We all know this line from the song. It sounds good, and of course there is no reason to be afraid of “the most wonderful time of the year” is there? Unless you are alone, suffering from a recent break-up or divorce, facing your first holidays alone.
What used to be a feast of love spent together with your loved ones is now an experience of lingering sadness and depression. Like Hugh Grant’s character in About a Boy said: “I was going to spend this Christmas the way I usually did. Watching videos and getting drunk and stoned”.
Welcome to the holiday depression.
I don’t want to paint that picture to you, because it’s simply not true. It doesn’t have to be this way. As a matter of fact you choose how it’s going to be.
The trick to surviving the holidays alone is to free yourself from the expectations and pictures of the past.
I used to spend quite a few holidays alone, and I survived them by shifting my own perception of what they should be: I took them as a few free days, where I could finally do something for myself that I always wanted to do, but never had the time for.
This is the key to survival.
It doesn’t mean that you have to betray the spirit of Christmas, (The Ghost of Christmas Yet to Come will not hunt you down). I’m only suggesting that you replace the memories bound to the holidays regarding your Exes.
Make a list of all these things you’ve always wanted to do. Then make a schedule when you exactly plan to do them and stick to it.
The key is to not allow yourself to dwell on the past, or concentrate on what you don’t have. Think about the things and people around you that you do have in your life.
These are my tips for surviving the holidays alone.
You need more opinions?
Here are more useful thoughts on how to survive the holidays alone:
Sandra Kiume at “Psychcentral” mentions in her article 7 Ways to Deal with Holiday Grief ,(it’s about coping with the death of a loved one, but can also be used for break-up/divorce situations), that it’s important to realize that:
Things won’t be the same. It’s normal to feel at odds with yourself and family events when dealing with grief. Do not isolate, but limit involvement when you need to and plan new events.
Take care of yourself. Stress, depression and bodily neglect are not a great mix at any time of the year.
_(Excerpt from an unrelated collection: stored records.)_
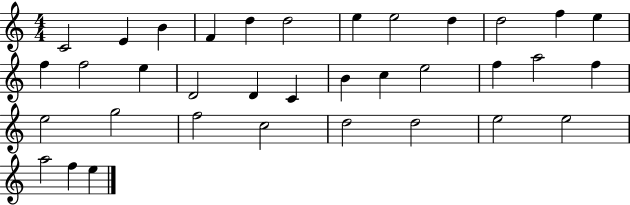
C4/h E4/q B4/q F4/q D5/q D5/h E5/q E5/h D5/q D5/h F5/q E5/q F5/q F5/h E5/q D4/h D4/q C4/q B4/q C5/q E5/h F5/q A5/h F5/q E5/h G5/h F5/h C5/h D5/h D5/h E5/h E5/h A5/h F5/q E5/q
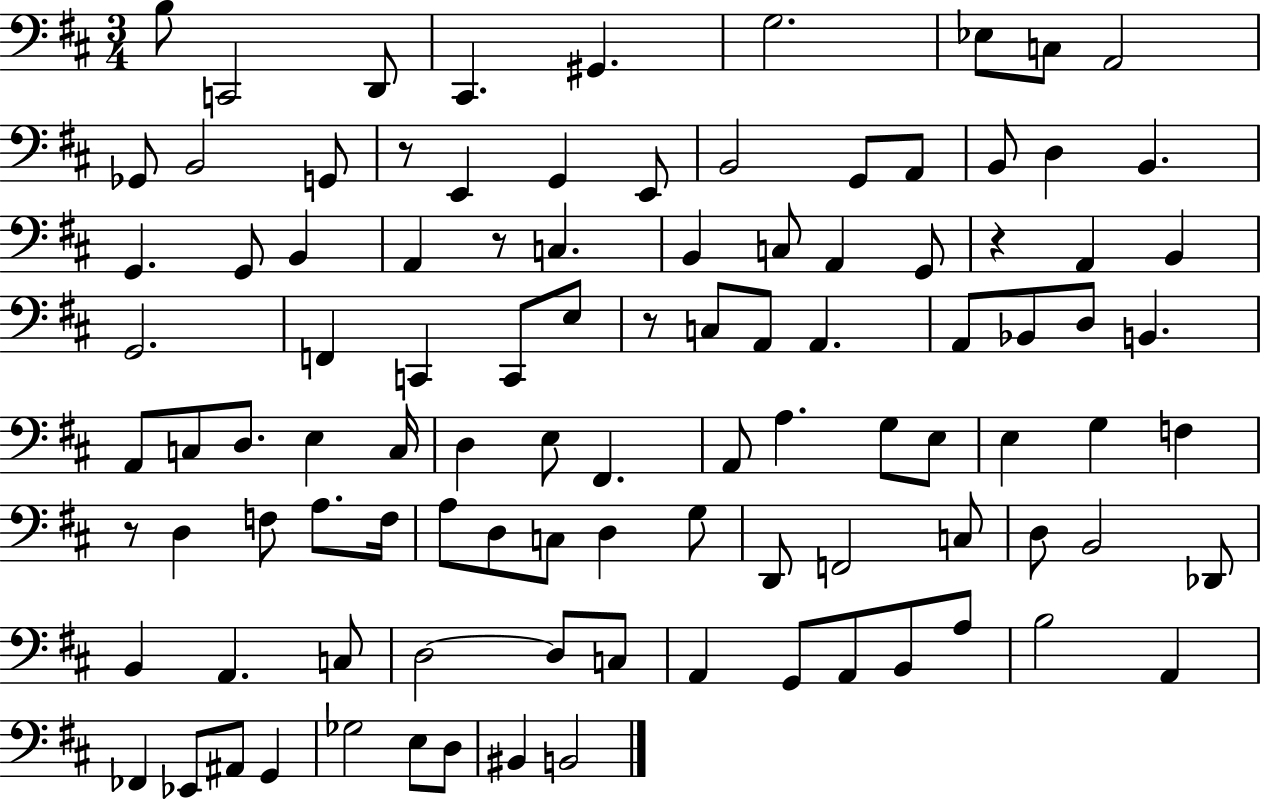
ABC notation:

X:1
T:Untitled
M:3/4
L:1/4
K:D
B,/2 C,,2 D,,/2 ^C,, ^G,, G,2 _E,/2 C,/2 A,,2 _G,,/2 B,,2 G,,/2 z/2 E,, G,, E,,/2 B,,2 G,,/2 A,,/2 B,,/2 D, B,, G,, G,,/2 B,, A,, z/2 C, B,, C,/2 A,, G,,/2 z A,, B,, G,,2 F,, C,, C,,/2 E,/2 z/2 C,/2 A,,/2 A,, A,,/2 _B,,/2 D,/2 B,, A,,/2 C,/2 D,/2 E, C,/4 D, E,/2 ^F,, A,,/2 A, G,/2 E,/2 E, G, F, z/2 D, F,/2 A,/2 F,/4 A,/2 D,/2 C,/2 D, G,/2 D,,/2 F,,2 C,/2 D,/2 B,,2 _D,,/2 B,, A,, C,/2 D,2 D,/2 C,/2 A,, G,,/2 A,,/2 B,,/2 A,/2 B,2 A,, _F,, _E,,/2 ^A,,/2 G,, _G,2 E,/2 D,/2 ^B,, B,,2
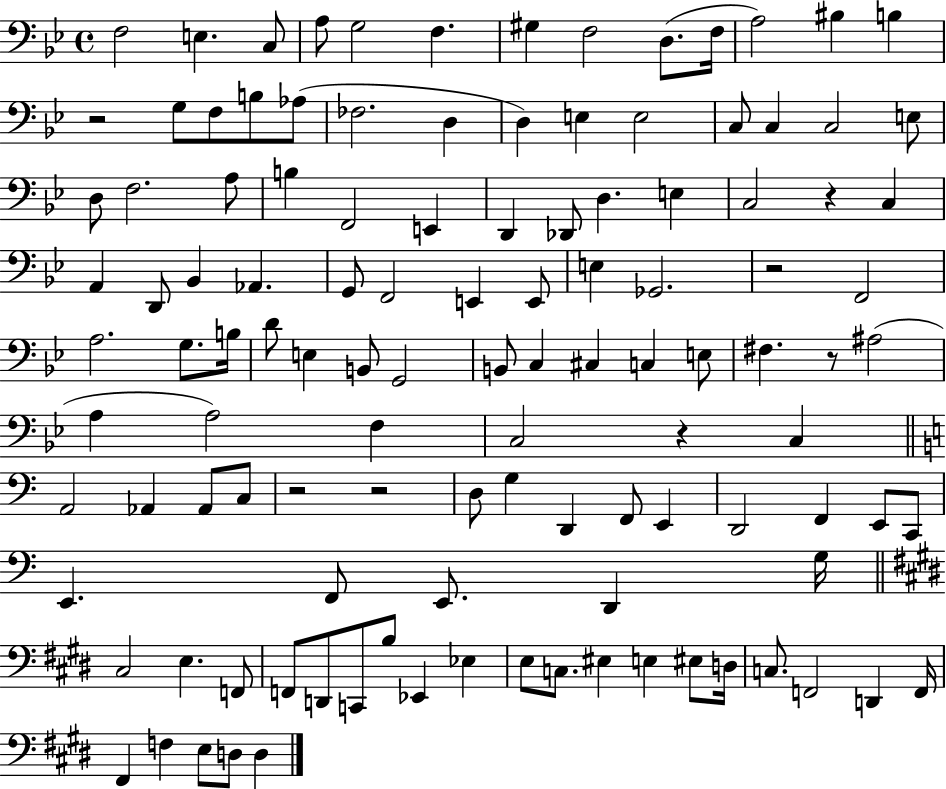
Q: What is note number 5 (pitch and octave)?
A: G3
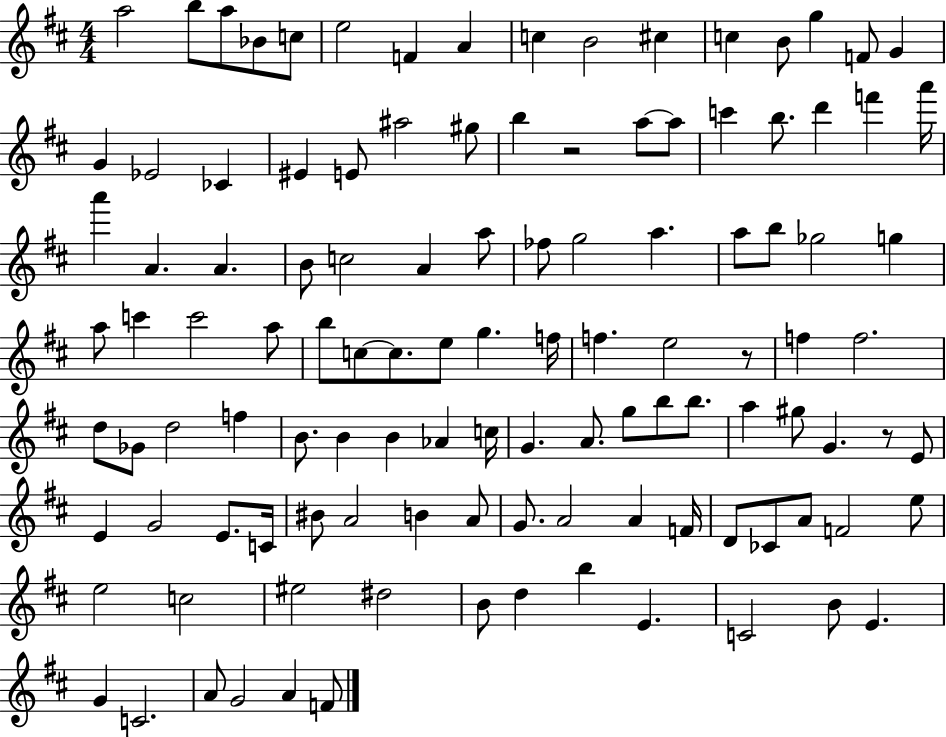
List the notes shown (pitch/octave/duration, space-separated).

A5/h B5/e A5/e Bb4/e C5/e E5/h F4/q A4/q C5/q B4/h C#5/q C5/q B4/e G5/q F4/e G4/q G4/q Eb4/h CES4/q EIS4/q E4/e A#5/h G#5/e B5/q R/h A5/e A5/e C6/q B5/e. D6/q F6/q A6/s A6/q A4/q. A4/q. B4/e C5/h A4/q A5/e FES5/e G5/h A5/q. A5/e B5/e Gb5/h G5/q A5/e C6/q C6/h A5/e B5/e C5/e C5/e. E5/e G5/q. F5/s F5/q. E5/h R/e F5/q F5/h. D5/e Gb4/e D5/h F5/q B4/e. B4/q B4/q Ab4/q C5/s G4/q. A4/e. G5/e B5/e B5/e. A5/q G#5/e G4/q. R/e E4/e E4/q G4/h E4/e. C4/s BIS4/e A4/h B4/q A4/e G4/e. A4/h A4/q F4/s D4/e CES4/e A4/e F4/h E5/e E5/h C5/h EIS5/h D#5/h B4/e D5/q B5/q E4/q. C4/h B4/e E4/q. G4/q C4/h. A4/e G4/h A4/q F4/e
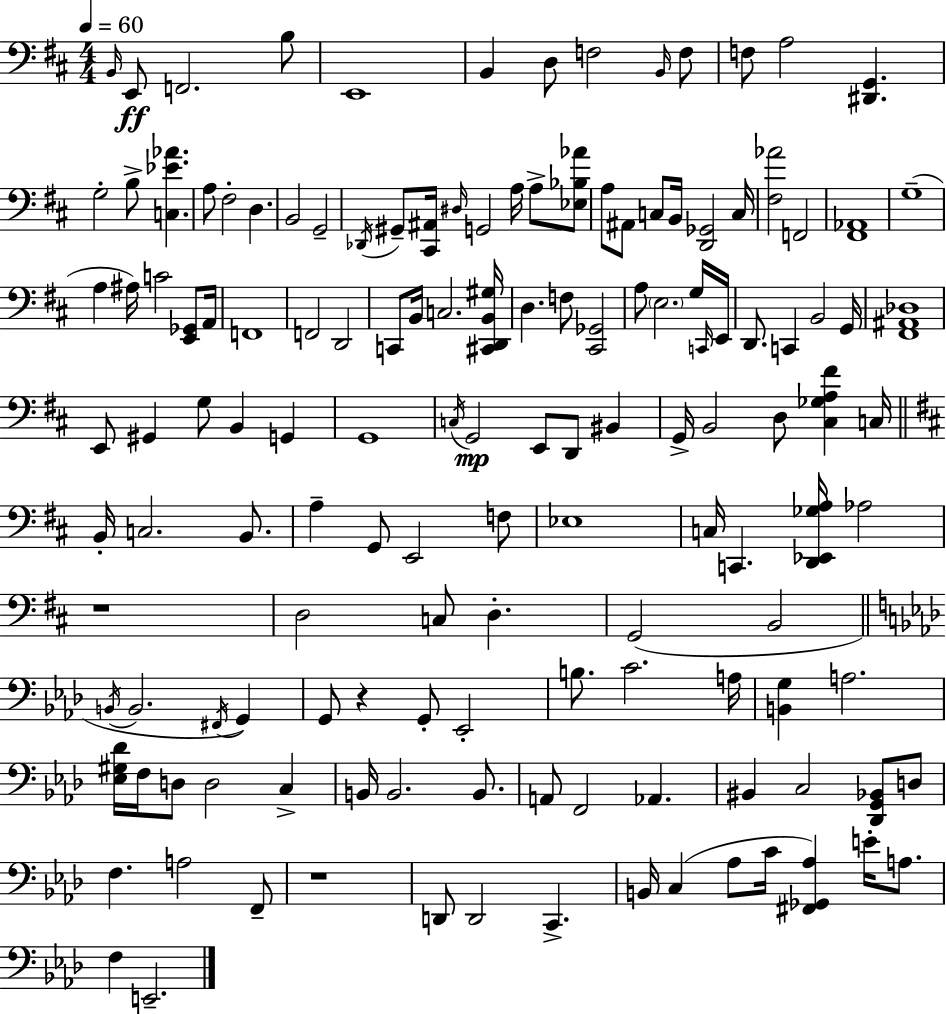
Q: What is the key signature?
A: D major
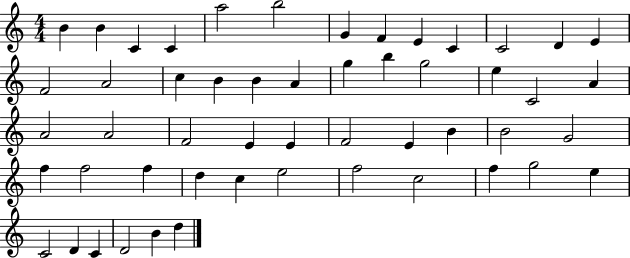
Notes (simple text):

B4/q B4/q C4/q C4/q A5/h B5/h G4/q F4/q E4/q C4/q C4/h D4/q E4/q F4/h A4/h C5/q B4/q B4/q A4/q G5/q B5/q G5/h E5/q C4/h A4/q A4/h A4/h F4/h E4/q E4/q F4/h E4/q B4/q B4/h G4/h F5/q F5/h F5/q D5/q C5/q E5/h F5/h C5/h F5/q G5/h E5/q C4/h D4/q C4/q D4/h B4/q D5/q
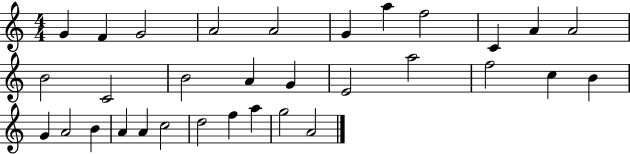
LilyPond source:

{
  \clef treble
  \numericTimeSignature
  \time 4/4
  \key c \major
  g'4 f'4 g'2 | a'2 a'2 | g'4 a''4 f''2 | c'4 a'4 a'2 | \break b'2 c'2 | b'2 a'4 g'4 | e'2 a''2 | f''2 c''4 b'4 | \break g'4 a'2 b'4 | a'4 a'4 c''2 | d''2 f''4 a''4 | g''2 a'2 | \break \bar "|."
}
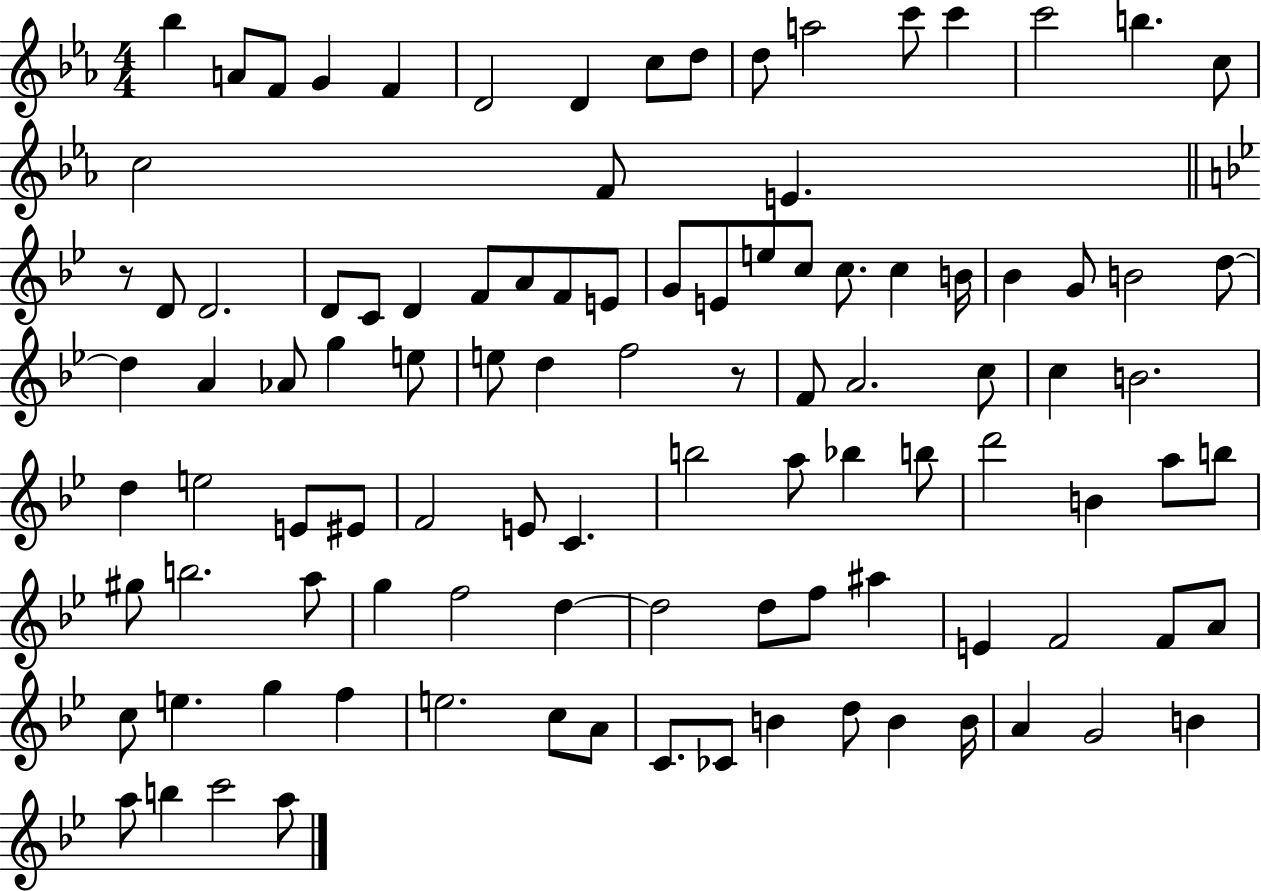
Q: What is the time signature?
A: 4/4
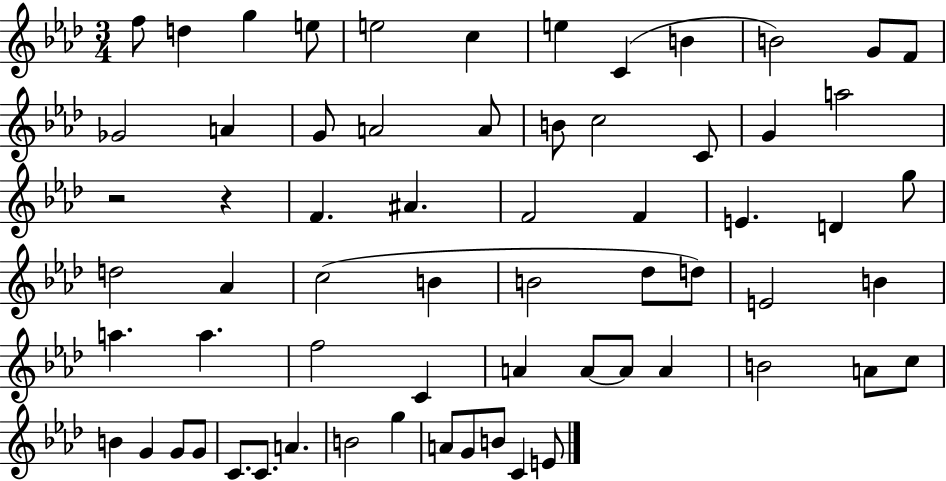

Think about building some new traditions. Remember that it’s okay not to do what you traditionally do. Planning something totally different is not an insult to the memory of a loved one and can be a positive way to ease some of the pressure.
Gretchen Rubin from “The Happiness Project” speaks of nine tips for lifting yourself out of the holiday blues. Some of these include:
3. Go outside to exercise.
6. Learn from the past.
7. Make time for real fun.
Laurie Pawlik-Kienlen gives 5 tips for Surviving Christmas Depression, including:
2. Surviving Christmas Depression: Stay Active
3. Surviving Christmas Depression: Start New Traditions
The best article talking about this matter, in my opinion, is from Patty E. Fleener with How to Survive the Holidays. She gives 16 specific tips that she says she could have done when she was spending holidays alone. Some of these include:
1. Done something for someone else, such as volunteer at a soup kitchen, or visiting lonely shut-ins.
2. I could have looked for someone beforehand who might also be alone, to share the day with.
8. Read or watched TV – anything to get my mind off of the day.
10. Screamed into a pillow or ripped up newspaper if it made me feel better.
14. Paint your home or apartment. Do some project, especially if it is physical and can keep your mind busy. Pay your bills, write letters, etc.
There – you have some tips on how you can prepare yourself to not only survive these holidays, but come out of it with more hope and will to improve your life in the year to come.
It’s no shame to be alone at Christmas – take it as a further step on your journey to self-improvement and a better life.
If Hugh Grant did it in About a Boy, so can you.
Happy Holidays to you all and take care of yourself.